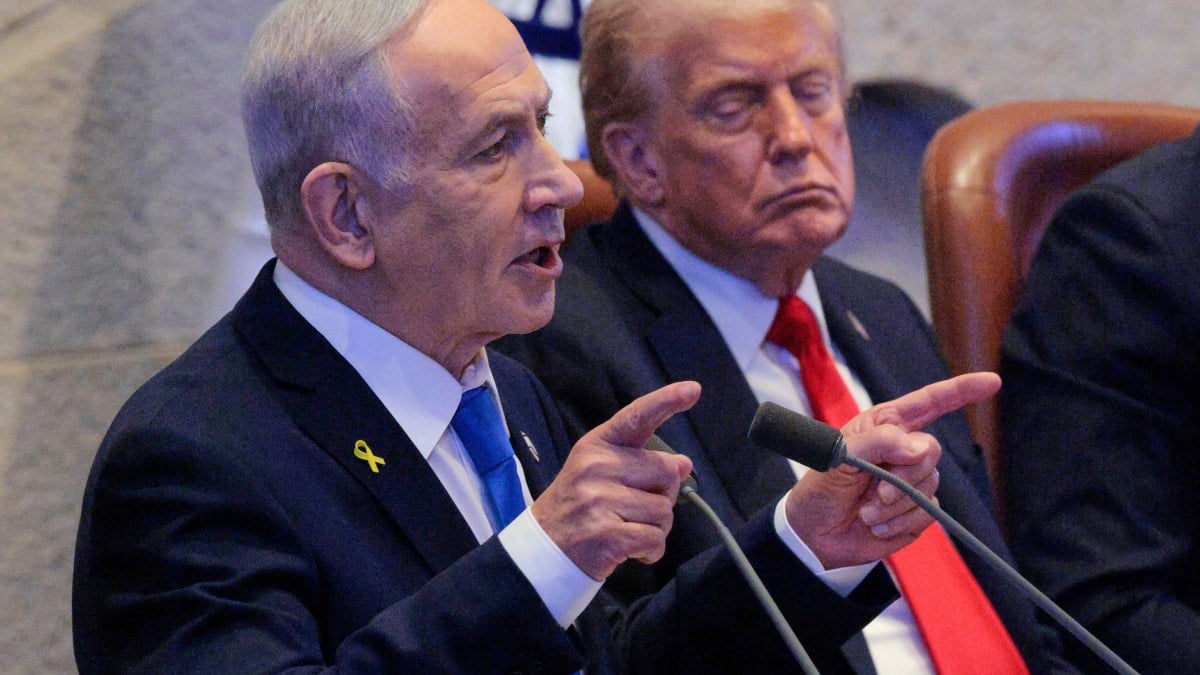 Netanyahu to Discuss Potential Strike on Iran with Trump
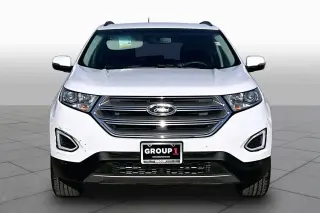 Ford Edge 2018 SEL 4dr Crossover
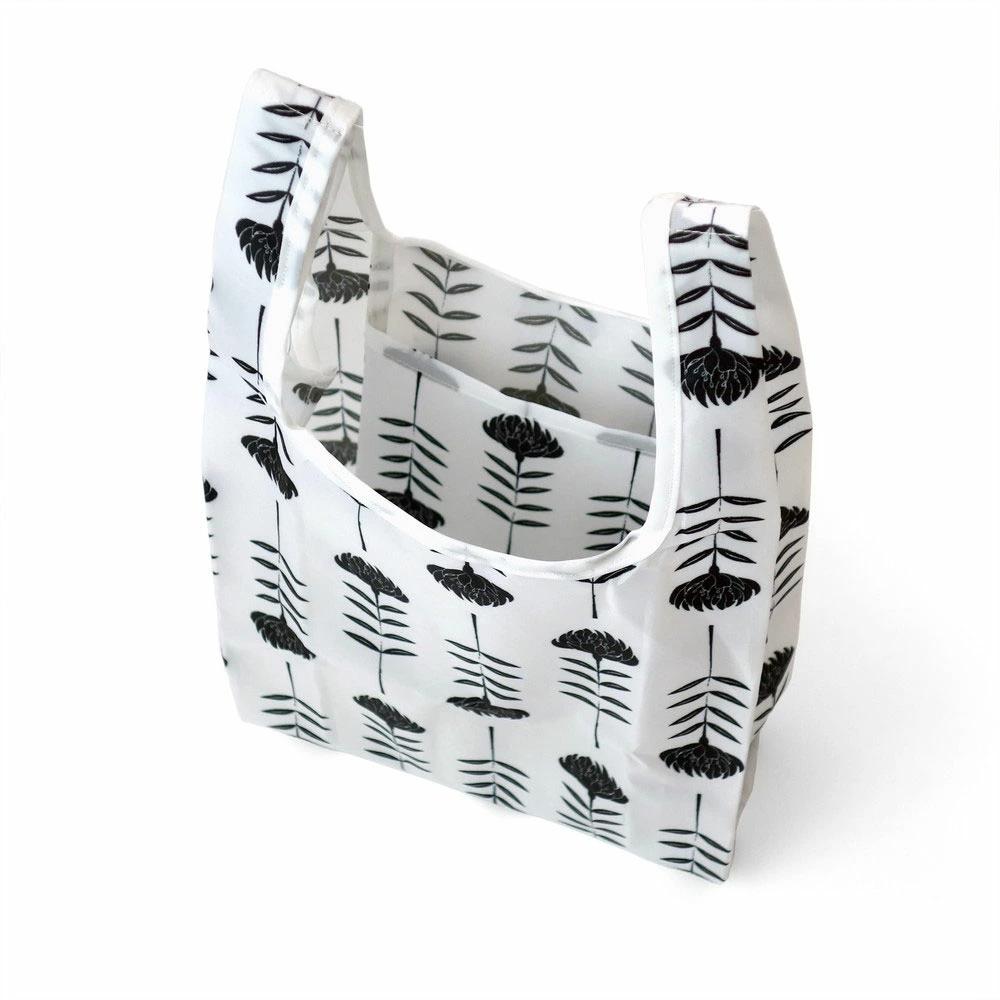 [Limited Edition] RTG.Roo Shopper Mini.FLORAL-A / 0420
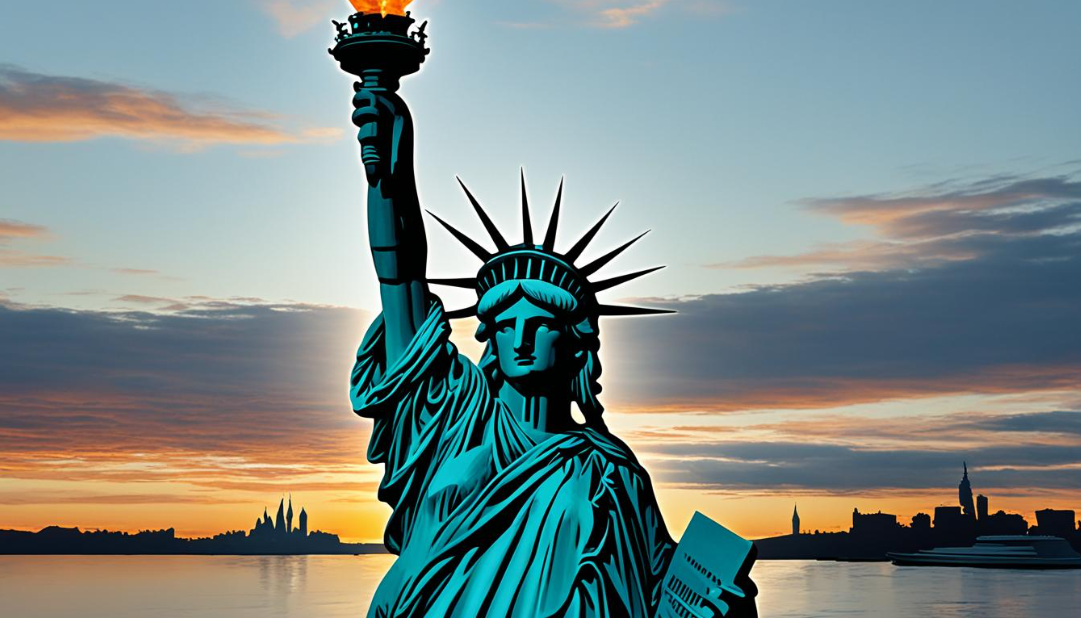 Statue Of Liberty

__________

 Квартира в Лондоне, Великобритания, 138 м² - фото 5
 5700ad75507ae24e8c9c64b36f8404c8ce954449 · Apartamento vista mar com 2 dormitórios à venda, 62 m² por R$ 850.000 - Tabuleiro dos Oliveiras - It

__________

WHAT IS BEING ASKED: Output only the lines above from the one containing "Netanyahu to Discuss" to the one containing "Statue Of Liberty", both included, exactly as written and with no pictures.

WORKED SOLUTION:
 Netanyahu to Discuss Potential Strike on Iran with Trump
 Ford Edge 2018 SEL 4dr Crossover
 [Limited Edition] RTG.Roo Shopper Mini.FLORAL-A / 0420
 Statue Of Liberty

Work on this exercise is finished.